In the mid-‘80s, there were still undeveloped tracts of land in Baldwin, thick with trees and paths and creeks and hills to jump BMX bikes from. The Woods behind Chris’ house felt like it was miles wide and at the far end, past the teenagers’ porn stashes and half-assed tree forts, was an abandoned power plant. Local lore had it that Blue Oyster Cult used to rehearse there. No one could prove it, but it didn’t matter. It made an already exotic locale irresistible.
So we decided, like good pre-teens with nothing better to do and no money to spend, to go light a fire in The Woods.
Because we are not idiots, we decided that we’d go build our fire on the concrete surrounding the power plant. We were both Boy Scouts, after a fashion — I was gently “encouraged” to leave after smuggling Playboy magazines to sleepaway camp — and we knew better than to do it in the actual Woods. We knew who could prevent forest fires.
We gathered tinder to start with and some larger branches for fuel and went to work breaking it down to manageable size. I’m not sure what we talked about, but it was one of two things: comic books or Dungeons and Dragons. Chris and I first met at The Incredible Pulp, one of Baldwin’s two comic book shoppes.
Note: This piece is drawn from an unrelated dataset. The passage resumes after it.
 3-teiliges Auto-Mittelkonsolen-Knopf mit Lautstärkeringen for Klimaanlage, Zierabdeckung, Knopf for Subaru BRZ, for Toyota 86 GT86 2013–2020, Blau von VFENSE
In the years before The Avengers or The X-Men or even the Teenaged Mutant Ninja Turtles made it to the screen, we could spend hours handicapping fights that would never exist outside of our heads.
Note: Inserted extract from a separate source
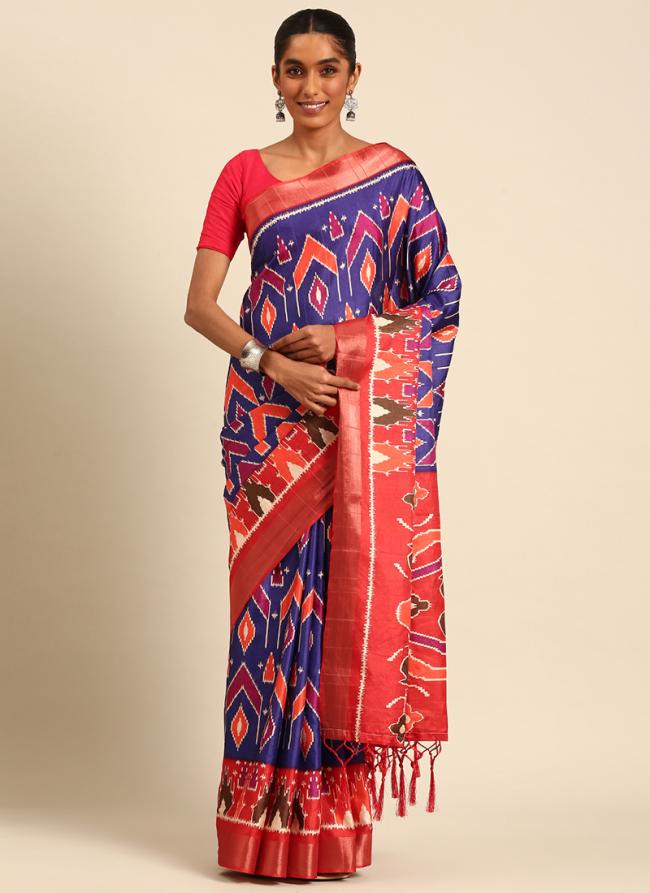 Cotton Purple Casual Wear Printed Saree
“I’m pretty sure the Hulk would kick Superman’s ass. He’s as strong as he is angry. And his anger goes all the way down.”
“Bullshit. Superman doesn’t even need to breathe. He could just punt the Hulk into orbit, where he’d just kick and whine like a baby until he died.”
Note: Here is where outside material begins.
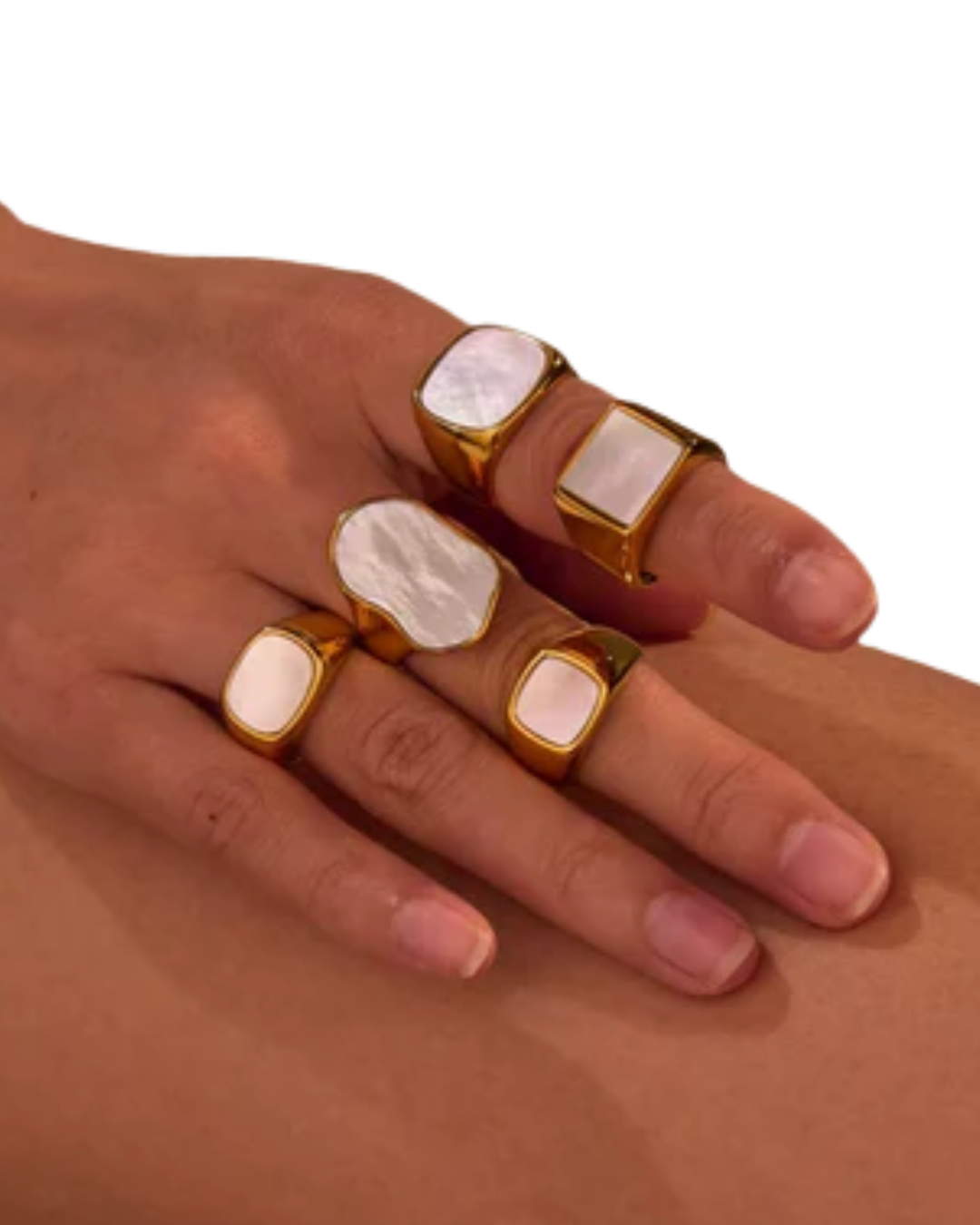 Conjunto 5 Amália anéis banhado a ouro 18k em aço inoxidável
And I was one of what must’ve been a handful of black kids in the Tri-State area who knew what a “saving throw” was and had the shelf of books to prove it.
I picked up that wrist-thick branch, placed one end on a rock, the other on the ground, and stomped on it with my K-Swiss.
The thing that I wanted to happen, did: I snapped the branch in two, cleanly. But the other end flipped up into the air and into my face.
Once the white faded, I couldn’t see. Either I was blind or my right eye had swollen shut and, with it, my left eye wouldn’t open. Or I was blind AND my right eye had swollen shut.
I don’t think I fell down, or the back of my head would’ve been throbbing as much as the front. But I could hear Chris’ voice slowly come into focus.
“Holy shit, man. What the hell happened?”
From his perspective, I’m sure the events went a little something like this: “Hulk.” Snap. Crack. Thud. “Aaaugh!” “Dude!”
So I’m blind and bleeding. My hands feel wet but it could’ve been from tears or sweat or blood. Chris is confused. And we’re about a mile from his house. In the Woods.
As neither of us had cell phones, because we weren’t drug dealers or drug lawyers from the future, we start walking. Chris was holding my hand and leading me back to his house. Gently, keeping me talking, steering me under tree branches, around thickets, over beer-can strewn creeks. I don’t remember much of that walk, besides his steady voice.
I remember when the ground felt flat again, when we’d left The Woods and made it back to The Street. I remember his mother’s short scream, quickly cut short as the nurse kicked in. I remember the emergency room, waiting to see the doctor, trying to laugh because that’s what I do when all seems lost; when no one can tell me if, when the swelling goes away, if the sight will come back.
When all seems lost, I laugh.
I missed my eye by an inch. I still have the scar on the bridge of my nose. It took the balance of the summer for my eye to return to normal. But I got to wear a patch.
“You can’t be Nick Fury, man. Nick Fury’s a white guy.”